Dudley Carew (More)

The current issue of The Cricket Monthly includes a major article about Waugh’s school friend Dudley Carew. See earlier post. This article, by Gideon Haigh, has particular reference to Carew’s career as a reporter on cricket for The Times and his 1936 cricket-themed novel The Son of Grief  but also mentions his friendship with Waugh: 

…Carew could claim a certain distinction from being Waugh’s first disciple. He was awed by Waugh’s intelligence and poise; he was shocked and intrigued, as a clergyman’s son, by Waugh’s nonchalant atheism. They were successive editors of the Lancing magazine, and members of various world-weary student societies – the Dilettanti, the Corpse Club, the Bored Stiff Club. They holidayed with one another’s families, Carew revealing in his memoirs that one remark in The Son of Grief – “If a man knows the Bible, Shakespeare and Wisden, he won’t go far wrong” – was a dictum of Waugh’s father.

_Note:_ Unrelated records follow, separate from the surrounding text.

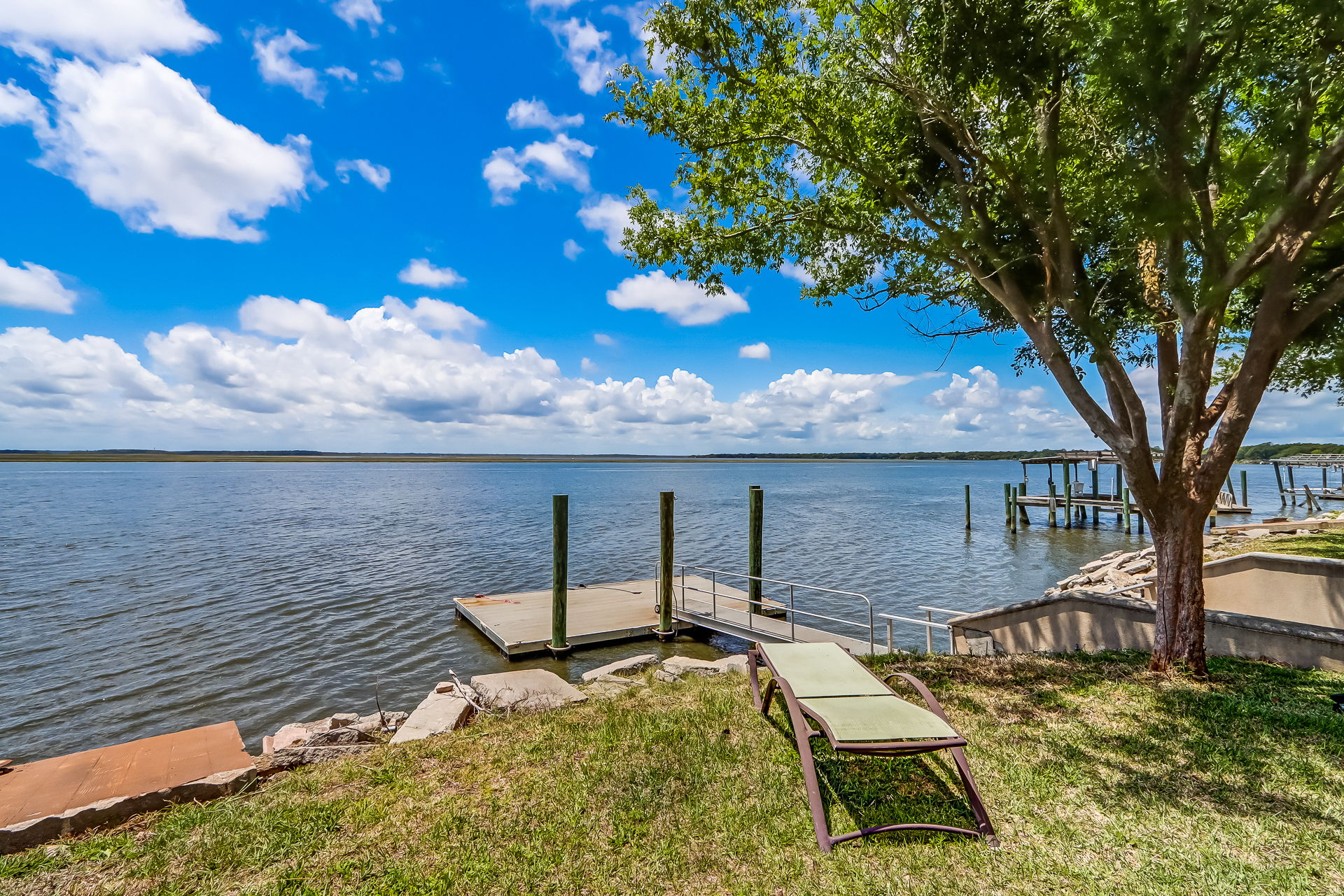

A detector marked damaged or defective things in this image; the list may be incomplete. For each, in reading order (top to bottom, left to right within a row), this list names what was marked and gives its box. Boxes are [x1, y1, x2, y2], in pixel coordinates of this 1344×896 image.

rusty lounge chair [745, 641, 997, 851]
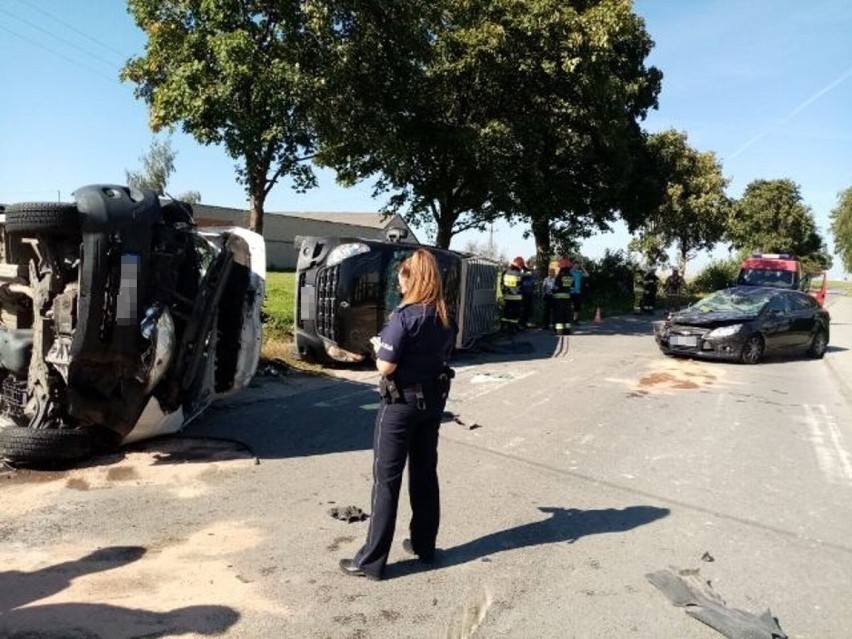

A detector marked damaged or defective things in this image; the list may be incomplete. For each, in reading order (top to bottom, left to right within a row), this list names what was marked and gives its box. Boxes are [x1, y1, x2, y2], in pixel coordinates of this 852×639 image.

damaged black car [0, 185, 264, 464]
second overturned vehicle [0, 185, 266, 464]
damaged black car [656, 286, 828, 364]
second overturned vehicle [656, 286, 828, 364]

After a fairly detailed summary of Carew’s novel and citations of several other books, the portion of the article dealing with Carew concludes:

…His association with Waugh ended acrimoniously, when he took exception to the novelist’s description of him in A Little Learning (1964) as “a boy in another house” whom he had “fascinated and dominated”. Always modest about his talents (“I place myself in the second league of mediocrity, just above B, just below A”), Carew resented Waugh’s modesty on his behalf, sold his sizeable cache of Waugh’s correspondence to the University of Texas, and wrote a piqued memoir entitled A Fragment of Friendship (1974) – which proved, perhaps gallingly, his most successful book. He enjoyed, at least, one distinction Waugh did not: an obituary, five lines, in Wisden, page 1195 of the 1982 edition.